Other soldiers are boarding trucks, and Grigory finds out that they’re ancillary squads, sent to search the town for anyone in hiding. He decides to join them, judging that a smaller group holds more opportunity to bring his calming influence to bear.

They drive to the western part of the town and walk through apartment blocks. Washing hangs on lines that stretch the width of each balcony. Fridges contain bottles of orange juice and lengths of butter on dishes. They find people behind shower curtains and wedged into airing cupboards. They find a pregnant girl lying in a hollowed-out sofa. Grigory stands on a balcony, glancing over the empty streets for signs of movement, and looks down and sees a pair of hands clutching the railings at his feet. He leans over the guard rail and finds a man hanging straight as an exclamation point, his gaze directed downwards, as if avoiding eye contact would keep him obscured from sight. A man hanging ten storeys up, his lean muscles taut with effort and desperation. In another apartment an old woman sits in her kitchen listening to the radio. When they enter in a clatter of heavy boots, she turns down the volume and looks peacefully at them, in total control of the situation. Before they have a chance to give the order, she refuses to leave. She invites them to beat her or shoot her if that is necessary, but she states that this is her home and she will die here. None of the soldiers has the appetite for this kind of violence, not here, not with this woman. They walk out and Grigory shakes his head and smiles in admiration, and she raises her open palms to the ceiling, a silent gesture that says everything there is to say at this moment, in this room, in this town.

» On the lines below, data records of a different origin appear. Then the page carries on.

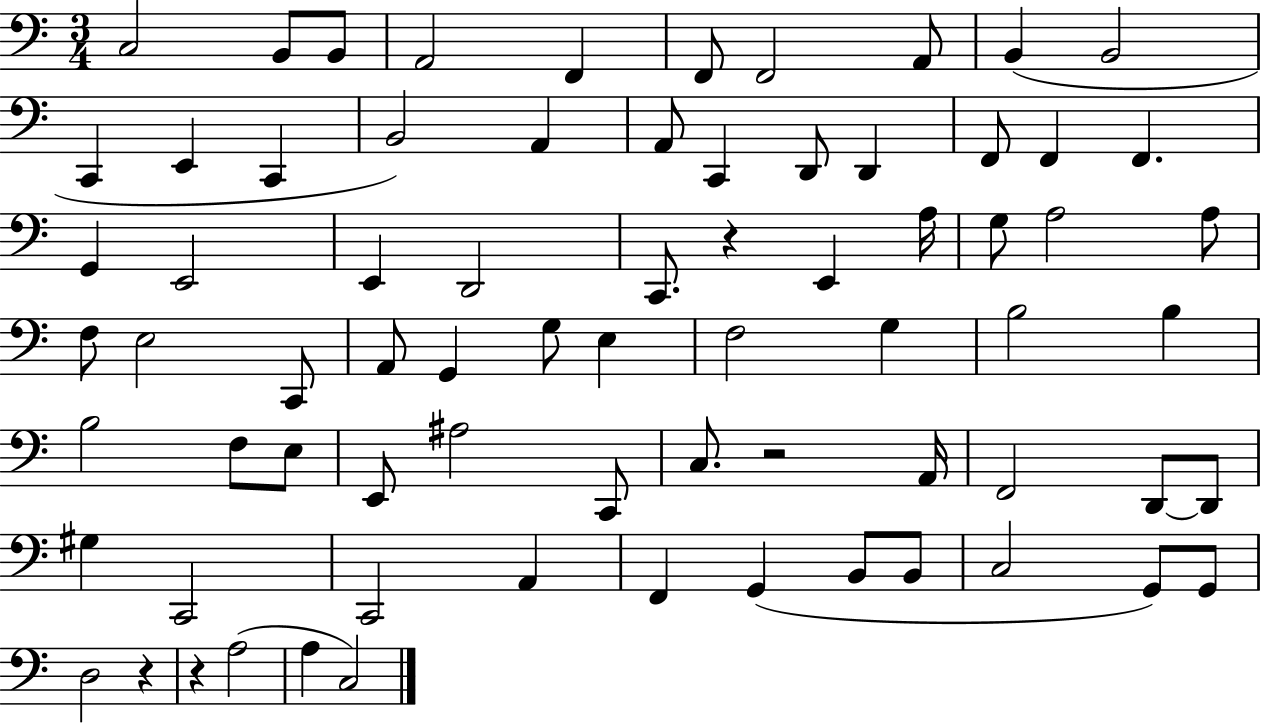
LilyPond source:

{
  \clef bass
  \numericTimeSignature
  \time 3/4
  \key c \major
  c2 b,8 b,8 | a,2 f,4 | f,8 f,2 a,8 | b,4( b,2 | \break c,4 e,4 c,4 | b,2) a,4 | a,8 c,4 d,8 d,4 | f,8 f,4 f,4. | \break g,4 e,2 | e,4 d,2 | c,8. r4 e,4 a16 | g8 a2 a8 | \break f8 e2 c,8 | a,8 g,4 g8 e4 | f2 g4 | b2 b4 | \break b2 f8 e8 | e,8 ais2 c,8 | c8. r2 a,16 | f,2 d,8~~ d,8 | \break gis4 c,2 | c,2 a,4 | f,4 g,4( b,8 b,8 | c2 g,8) g,8 | \break d2 r4 | r4 a2( | a4 c2) | \bar "|."
}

Many of the doors have notes pinned to them, to friends or relatives, stating a point of contact in the city. People have painted their family name on the door, an attempt to assert ownership. In dozens of apartments, they find tables fully laid for dinner.

They find a young couple sleeping in bed. They had been drinking for most of the night and lay there together under the sheets, oblivious to the commotion all around them. When the soldiers burst in, the man leaps from the bed in shock and then, realizing his nakedness, leaps back in again. The soldiers laugh, and Grigory asks them to leave and then sits on the bed and explains the situation to the couple, staring into the dark eyes of the young woman, gaining her trust with the gentleness of his tone. They wait in the kitchen, and when the couple emerge, dressed, carrying a few belongings, the soldiers clap and cheer and they smile shyly, and Grigory envies them their burgeoning love.

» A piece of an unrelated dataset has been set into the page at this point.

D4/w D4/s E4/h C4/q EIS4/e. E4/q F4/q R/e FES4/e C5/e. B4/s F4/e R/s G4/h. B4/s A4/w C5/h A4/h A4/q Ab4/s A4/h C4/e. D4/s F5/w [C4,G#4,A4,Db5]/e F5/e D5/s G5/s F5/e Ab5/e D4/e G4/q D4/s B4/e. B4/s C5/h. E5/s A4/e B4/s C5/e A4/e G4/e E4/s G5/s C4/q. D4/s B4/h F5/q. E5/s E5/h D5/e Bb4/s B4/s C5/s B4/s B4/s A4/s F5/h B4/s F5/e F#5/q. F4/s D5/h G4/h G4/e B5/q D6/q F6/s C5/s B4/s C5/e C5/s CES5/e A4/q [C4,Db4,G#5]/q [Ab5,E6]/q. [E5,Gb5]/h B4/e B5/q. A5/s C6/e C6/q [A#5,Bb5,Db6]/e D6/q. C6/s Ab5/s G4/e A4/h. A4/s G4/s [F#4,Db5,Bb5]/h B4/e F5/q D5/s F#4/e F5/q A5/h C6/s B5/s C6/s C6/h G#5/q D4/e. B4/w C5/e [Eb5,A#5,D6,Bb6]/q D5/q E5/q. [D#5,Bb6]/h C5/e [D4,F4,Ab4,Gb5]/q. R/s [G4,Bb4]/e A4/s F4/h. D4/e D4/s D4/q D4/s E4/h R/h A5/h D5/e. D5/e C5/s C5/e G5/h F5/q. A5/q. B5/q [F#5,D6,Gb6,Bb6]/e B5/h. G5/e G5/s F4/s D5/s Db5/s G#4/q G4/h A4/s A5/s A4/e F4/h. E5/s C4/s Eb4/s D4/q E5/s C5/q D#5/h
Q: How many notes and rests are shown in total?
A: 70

They put people in the truck and drive them to the relevant zones and then return and put more people in trucks. They pass a small graveyard and find a woman fisting soil from a grave—her parents’ grave—into a jam jar. She pleads to keep the jar, but they take it from her and empty the soil back onto the ground. The woman has no energy to protest.

They hear a noise from a lift shaft and break through an iron grille and find a young boy, perhaps five years old, sitting on top of the lift, clasping his hands to his ears. One of the men climbs into the shaft and emerges a few minutes later with the boy bouncing on his shoulders, making horsey noises and steering the soldier by the ears.

They continue to shoot pets, despite Grigory’s objections. Pets run from apartments, and the soldiers fire their pistols at will and argue over kill numbers as if they were war heroes.